As someone once said, “Gold flows downhill, but so does mud!” It would sure be nice to see some gold coming our way and less mud. Hopefully, our next President and leadership representatives will become sick and disgusted of the mud they have produced and initiate a healing process for our nation.

Perhaps I have also seen and experienced too much nastiness and mud-slinging, like many of you, and do not hold much hope for a transformational style of leadership to reverse the tide of the last seven to ten years. I also think many of us have followed this national trend and become nasty, petty and hateful like many of our leaders. It might be a useful practice, however hard it might be, to do your own reality check and confront your own levels of personal judgement, blame and hatred. Personally, I am not very happy with my own state of intolerance. I notice a strong visceral reaction when I listen to Donald Trump, many Republican leaders and Fox News. I have some personal healing to do this coming year regardless of who our next President is.

 But I also have a confidence that you and I can step into a more powerful stage of listening, trying to understand each other and to seek a common ground of mutual respect and cooperation that could bring a little more “gold” into our lives. By gold I mean what most of us desire and need to prosper in our lives, i.e., a sense of safety, connection and personal power.
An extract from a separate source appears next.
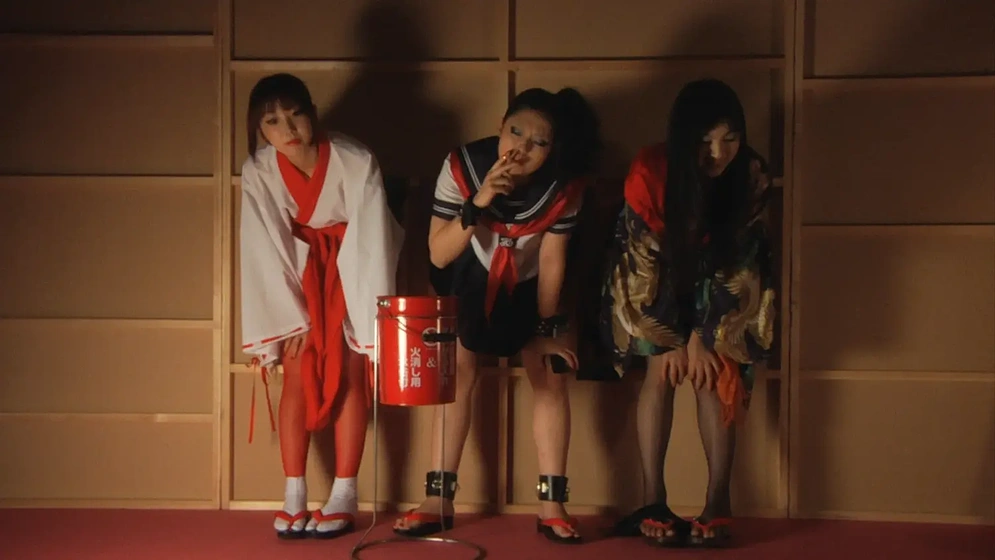 Imagen de horny-house-of-horror-fashion-hell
In subsequent posts, I will lay out the reason for these three psychological needs and what you can do to enhance these life-enhancing qualities in your lives.

I suggest that rather than waiting for someone to take care of us and to lead us out of what I call a “Death Psychology” of despair, reactivity and victimization into the “Promised Land” (where we will once again experience feeling safe, connected and personally resourceful), we un-attach ourselves from being rescued and instead grow up and learn to do it for ourselves and help each other. From the Bible, I understand it took Moses over forty years to lead the enslaved Hebrews out of slavery into freedom. I have little interest in waiting for such a leader or, to follow for the next forty or so years. Perhaps we are not so needy that we have to keep looking for our Rescuer. Sometimes our situation or reality gives us the opportunity to grow up, take personal responsibility and do some redesigning of our interdependent identities so that we, the citizenship, start to do the leading.
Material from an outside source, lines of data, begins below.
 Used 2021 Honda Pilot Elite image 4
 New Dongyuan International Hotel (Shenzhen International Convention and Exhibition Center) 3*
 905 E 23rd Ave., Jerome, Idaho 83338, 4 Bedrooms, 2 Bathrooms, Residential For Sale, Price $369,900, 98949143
I think that is what I mean by Life Leadership: living a radically long life of success, accomplishment and satisfaction. No one can give it to you! You have to claim it and learn the principles and skills of collaboration, taking care of each other, compassion, generosity, grit and courage. We can do a better job together than trying to do it alone. I do not think the individual hero ethic is the way out of the desert we find ourselves in, so stop looking for a mythical hero. As someone said a long time ago, “We will either hang in together or hang alone!” Mammals seem to thrive better when they bond and work together. We do not have to live in a world of scarcity and mutual fear, but we have some work to do.

I hope you will find value in these sentiments and my future posts. I am looking at how we can further evolve and navigate our extraordinary lives and build the reality of our great future together.  I think we each possess extraordinary power to evolve if we can create a common vision and learn the tools to work together for a common good.

We all deserve to live extraordinarily long lives of success, accomplishment and satisfaction. We deserve to feel safe, connected and powerful. Let’s make this mission into a reality.